Data extracted from a collection:
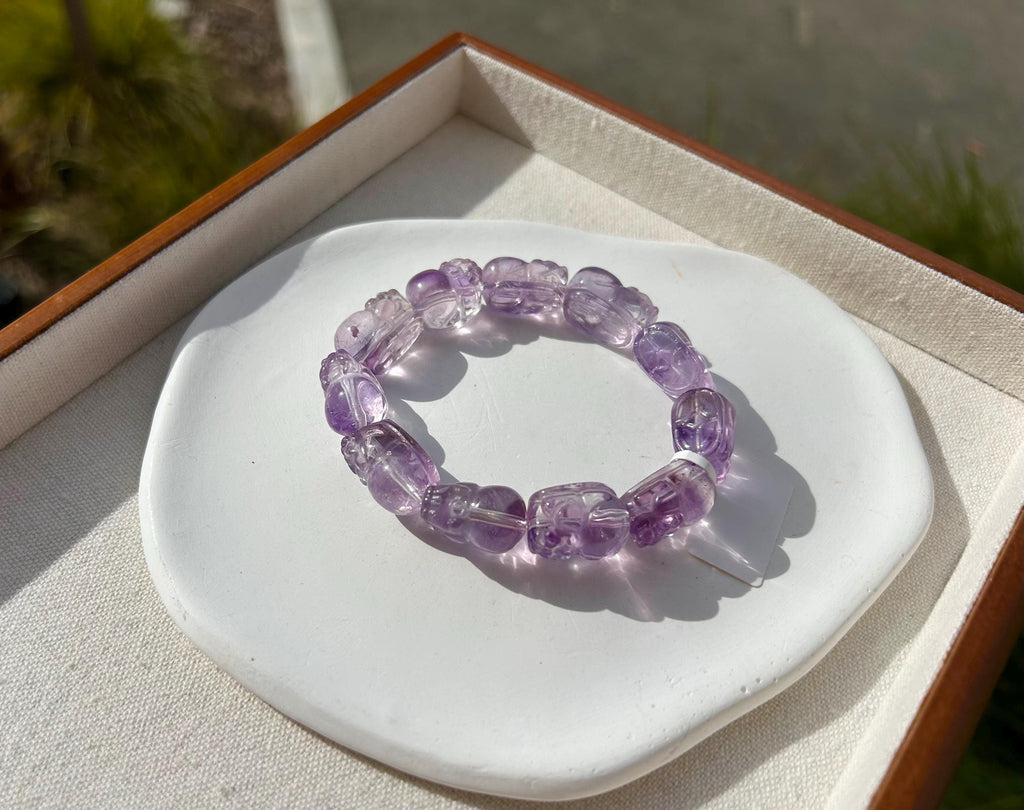 High Clarity Amethyst hand carved PiXiu Bracelet: Natural Crystal Carved Beads,fits up to 16cm wrist (26-194)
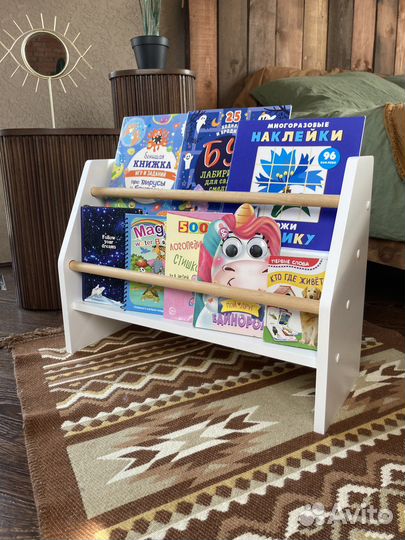 Детская книжная полка монтессори
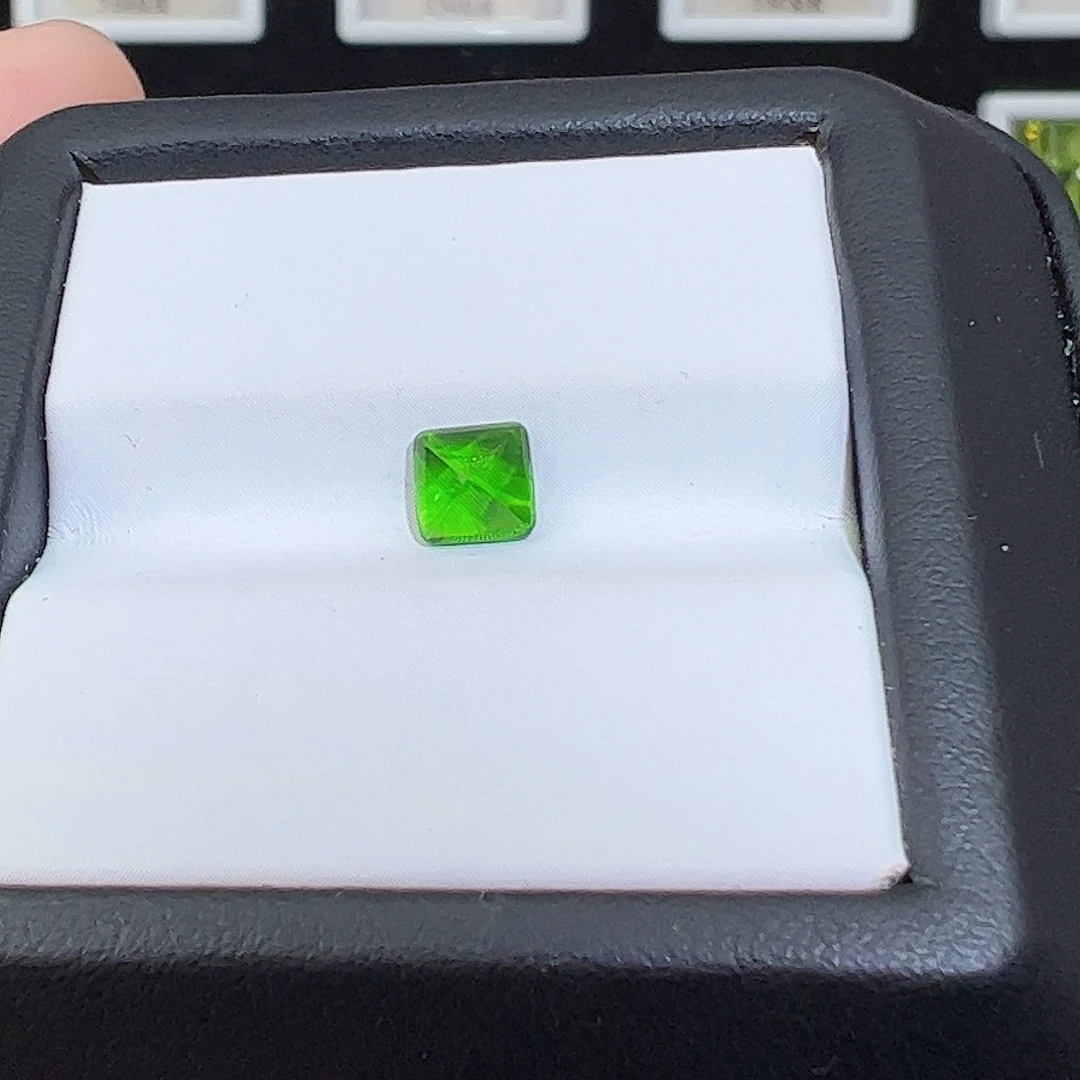 裸石透辉石未镶嵌特价，方5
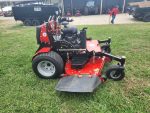 Bradley 61SC-BS26 61" Stand-On Compact Zero Turn Mower 26HP VAN - Image 5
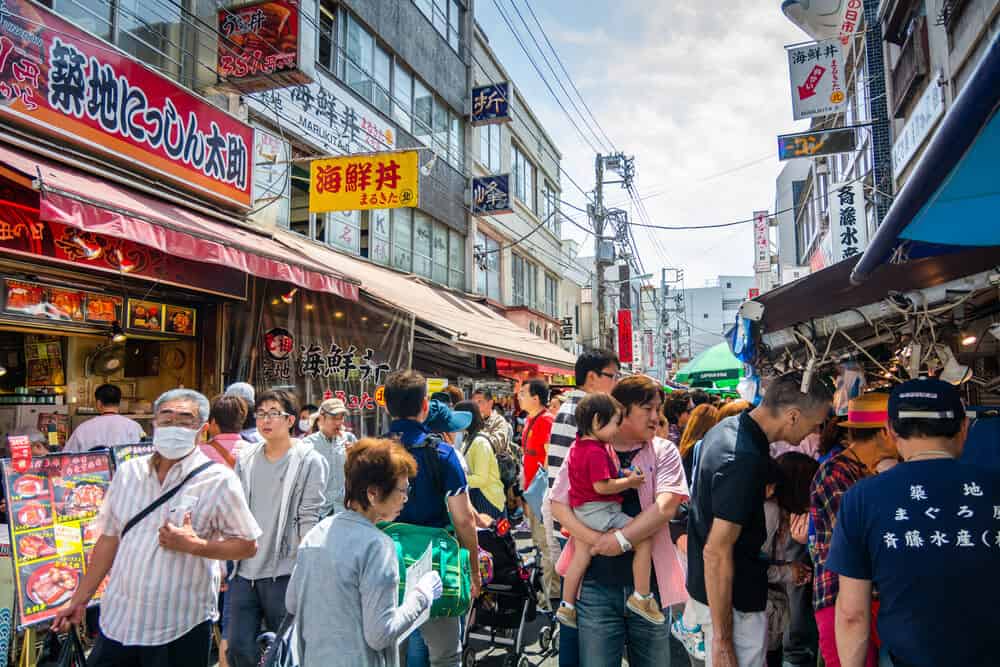 Tsukiji Fish Market - Crowds of People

- [What needs to be done]: Only the lines from the one with "裸石透辉石未镶嵌特价，方5" through the final line of the entries above are to be repeated, exactly as written and without pictures.

- [Answer for this exercise]:
 裸石透辉石未镶嵌特价，方5
 Bradley 61SC-BS26 61" Stand-On Compact Zero Turn Mower 26HP VAN - Image 5
 Tsukiji Fish Market - Crowds of People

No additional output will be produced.